I'm profiling the following CUDA kernel
__global__ void fftshift_2D(double2 *data, int N1, int N2)
{
int i = threadIdx.x + blockDim.x * blockIdx.x;
int j = threadIdx.y + blockDim.y * blockIdx.y;
if (i < N1 && j < N2) {
double a = pow(-1.0, (i+j)&1);
data[j*blockDim.x*gridDim.x+i].x *= a;
data[j*blockDim.x*gridDim.x+i].y *= a;
}
}
which basically multiplies a 2D double precision complex data matrix by a scalar double precision variable.

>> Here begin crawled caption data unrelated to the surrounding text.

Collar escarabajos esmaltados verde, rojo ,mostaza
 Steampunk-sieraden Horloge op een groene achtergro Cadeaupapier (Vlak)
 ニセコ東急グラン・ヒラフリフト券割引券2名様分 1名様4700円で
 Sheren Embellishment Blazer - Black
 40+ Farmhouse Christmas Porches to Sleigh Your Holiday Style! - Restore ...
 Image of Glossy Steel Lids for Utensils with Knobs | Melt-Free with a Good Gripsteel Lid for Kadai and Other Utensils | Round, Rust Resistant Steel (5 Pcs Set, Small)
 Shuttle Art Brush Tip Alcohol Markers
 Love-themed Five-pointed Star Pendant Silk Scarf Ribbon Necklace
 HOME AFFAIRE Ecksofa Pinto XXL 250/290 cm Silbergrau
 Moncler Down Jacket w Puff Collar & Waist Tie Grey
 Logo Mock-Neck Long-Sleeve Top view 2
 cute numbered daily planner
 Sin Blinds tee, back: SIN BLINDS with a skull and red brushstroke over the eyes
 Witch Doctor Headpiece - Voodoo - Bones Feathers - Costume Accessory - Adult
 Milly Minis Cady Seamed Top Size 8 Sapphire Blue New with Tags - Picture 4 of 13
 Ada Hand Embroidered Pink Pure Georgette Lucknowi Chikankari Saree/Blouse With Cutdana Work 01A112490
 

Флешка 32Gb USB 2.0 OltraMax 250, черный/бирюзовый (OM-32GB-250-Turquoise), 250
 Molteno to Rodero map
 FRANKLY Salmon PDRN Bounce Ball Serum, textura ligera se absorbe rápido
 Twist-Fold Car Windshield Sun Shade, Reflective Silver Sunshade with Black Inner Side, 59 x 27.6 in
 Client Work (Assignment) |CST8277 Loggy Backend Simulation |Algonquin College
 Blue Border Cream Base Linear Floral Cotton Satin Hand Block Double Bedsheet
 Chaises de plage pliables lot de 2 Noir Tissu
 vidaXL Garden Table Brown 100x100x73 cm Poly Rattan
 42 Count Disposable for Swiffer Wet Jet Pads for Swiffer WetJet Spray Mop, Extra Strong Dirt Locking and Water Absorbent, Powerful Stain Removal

As it can be seen, I'm performing a coalesced global memory access and I want to verify this by the NVIDIA Visual Profiler by inspecting the global memory load and store efficiencies. Surprisingly, such efficiencies turn out to be both exactly 50%, far from the expected 100% for coalesced memory access. Is this related to the interlaced storage of real and imaginary parts for complex numbers? If so, is there any trick I could exploit to restore a 100% efficiency?
Thank you in advance.
ADDITIONAL INFORMATION
BLOCK_SIZE_x=16
BLOCK_SIZE_y=16
dim3 dimBlock2(BLOCK_SIZE_x,BLOCK_SIZE_y);
dim3 dimGrid2(N2/BLOCK_SIZE_x + (N2%BLOCK_SIZE_x == 0 ? 0:1),N1/BLOCK_SIZE_y + (N1%BLOCK_SIZE_y == 0 ? 0:1));
N1 and N2 can be arbitrary even numbers.
The card is an NVIDIA GT 540M.
j*blockDim.x*gridDim.x+i
looks odd. Could it be something likej*N1+i
? – kangshiyin